=== Brief descriptive captions ===
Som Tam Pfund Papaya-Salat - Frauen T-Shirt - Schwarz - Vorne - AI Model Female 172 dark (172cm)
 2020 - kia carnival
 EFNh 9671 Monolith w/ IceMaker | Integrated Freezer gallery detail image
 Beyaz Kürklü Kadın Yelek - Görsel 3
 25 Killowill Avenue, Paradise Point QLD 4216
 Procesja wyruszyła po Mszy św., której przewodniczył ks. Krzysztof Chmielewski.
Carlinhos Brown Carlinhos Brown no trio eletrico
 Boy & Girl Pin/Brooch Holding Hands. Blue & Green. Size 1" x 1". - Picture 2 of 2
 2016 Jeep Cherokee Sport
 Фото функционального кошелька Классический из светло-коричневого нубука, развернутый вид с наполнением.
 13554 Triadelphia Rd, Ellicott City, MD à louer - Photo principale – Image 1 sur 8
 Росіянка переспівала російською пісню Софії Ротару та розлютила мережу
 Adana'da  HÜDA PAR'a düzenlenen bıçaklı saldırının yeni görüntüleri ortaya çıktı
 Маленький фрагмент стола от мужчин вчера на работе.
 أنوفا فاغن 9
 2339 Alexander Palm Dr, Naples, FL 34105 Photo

=== Work to complete ===
From the line that contains "EFNh 9671 Monolith" down to the last line above, print each line exactly as it appears.

=== Solution to this task ===
 EFNh 9671 Monolith w/ IceMaker | Integrated Freezer gallery detail image
 Beyaz Kürklü Kadın Yelek - Görsel 3
 25 Killowill Avenue, Paradise Point QLD 4216
 Procesja wyruszyła po Mszy św., której przewodniczył ks. Krzysztof Chmielewski.
Carlinhos Brown Carlinhos Brown no trio eletrico
 Boy & Girl Pin/Brooch Holding Hands. Blue & Green. Size 1" x 1". - Picture 2 of 2
 2016 Jeep Cherokee Sport
 Фото функционального кошелька Классический из светло-коричневого нубука, развернутый вид с наполнением.
 13554 Triadelphia Rd, Ellicott City, MD à louer - Photo principale – Image 1 sur 8
 Росіянка переспівала російською пісню Софії Ротару та розлютила мережу
 Adana'da  HÜDA PAR'a düzenlenen bıçaklı saldırının yeni görüntüleri ortaya çıktı
 Маленький фрагмент стола от мужчин вчера на работе.
 أنوفا فاغن 9
 2339 Alexander Palm Dr, Naples, FL 34105 Photo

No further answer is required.